Records for this exercise:
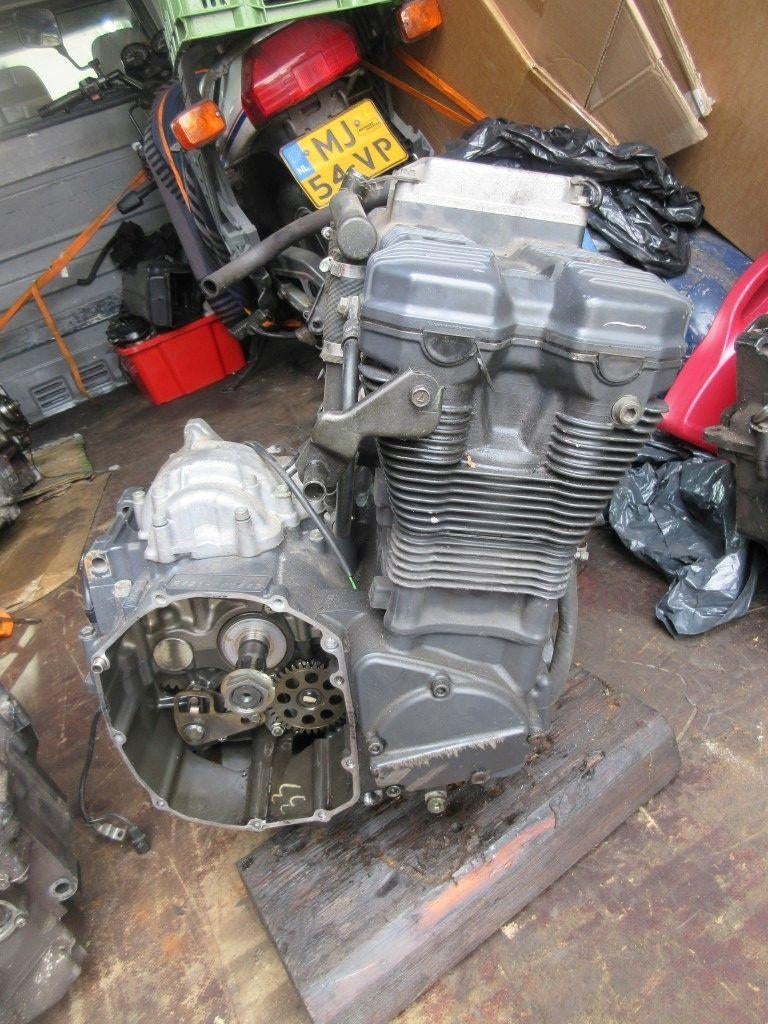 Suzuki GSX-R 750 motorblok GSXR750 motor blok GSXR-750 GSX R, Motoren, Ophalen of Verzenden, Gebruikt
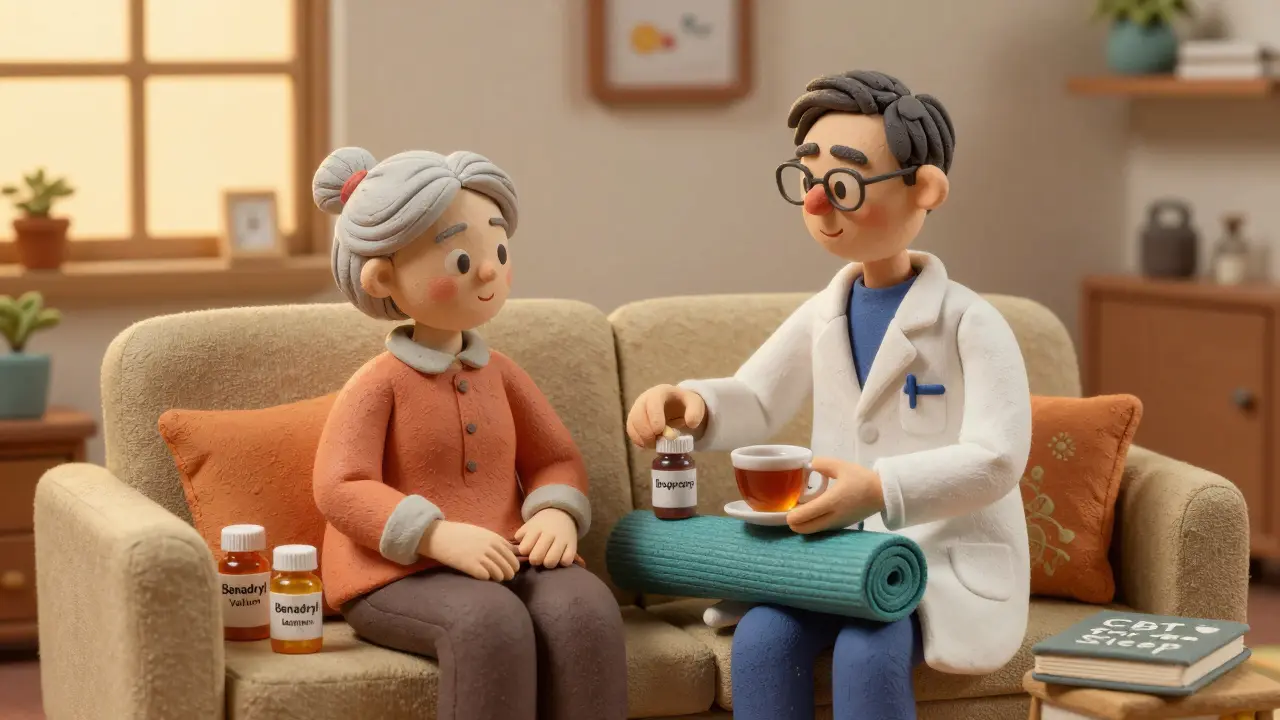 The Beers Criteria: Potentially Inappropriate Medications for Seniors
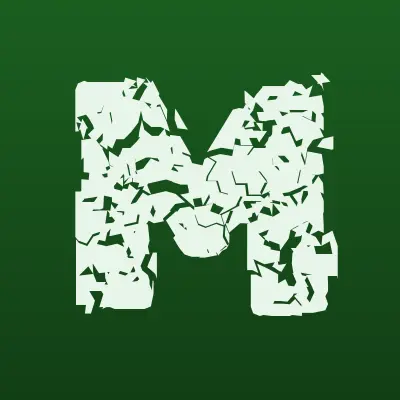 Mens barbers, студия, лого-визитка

==

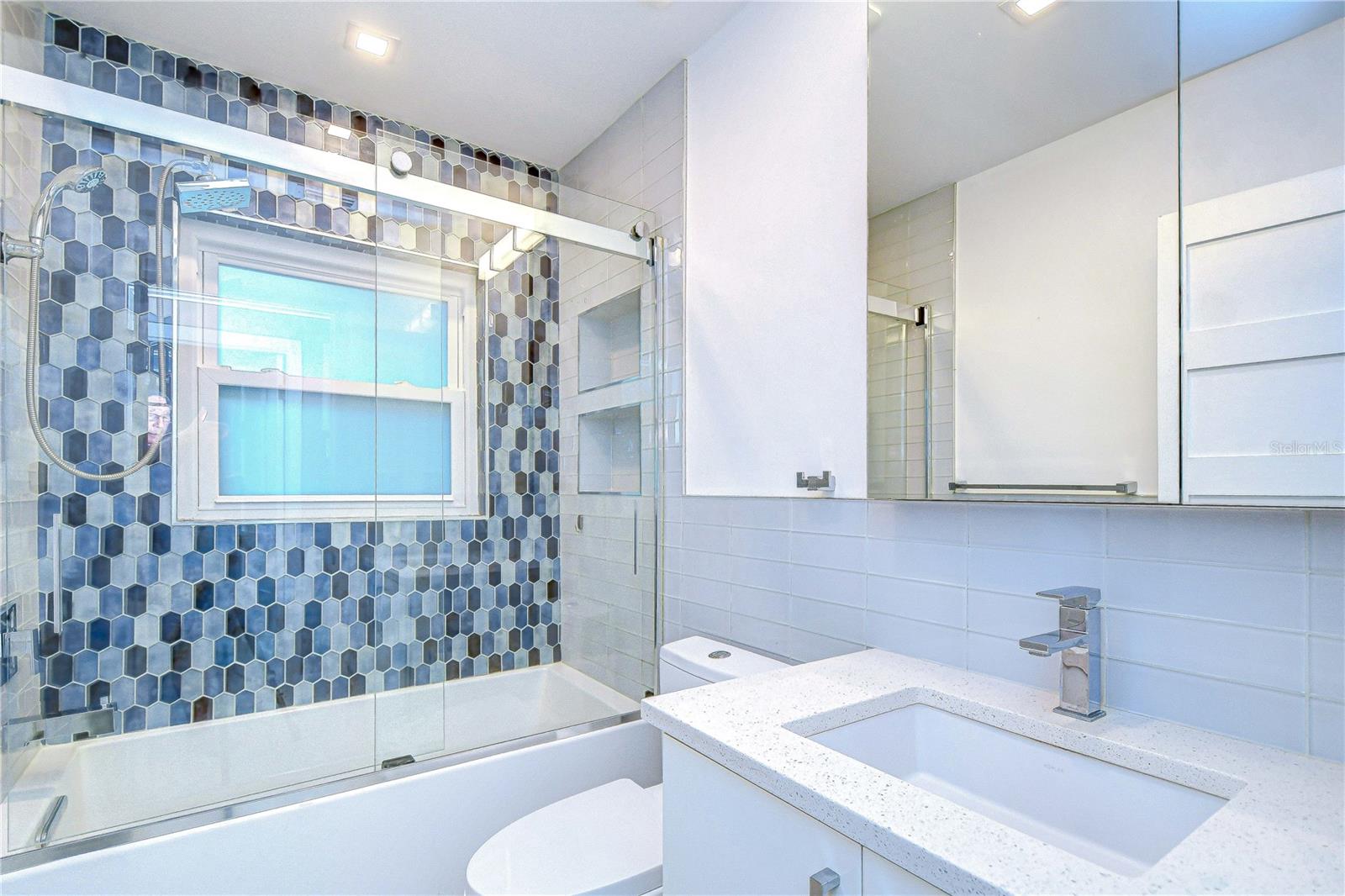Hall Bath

Description of the task: Set down exactly the lines above, from the line containing "Suzuki GSX-R 750" through the line containing "Mens barbers, студия, лого-визитка". Skip the pictures.

Solution to the problem:
 Suzuki GSX-R 750 motorblok GSXR750 motor blok GSXR-750 GSX R, Motoren, Ophalen of Verzenden, Gebruikt
 The Beers Criteria: Potentially Inappropriate Medications for Seniors
 Mens barbers, студия, лого-визитка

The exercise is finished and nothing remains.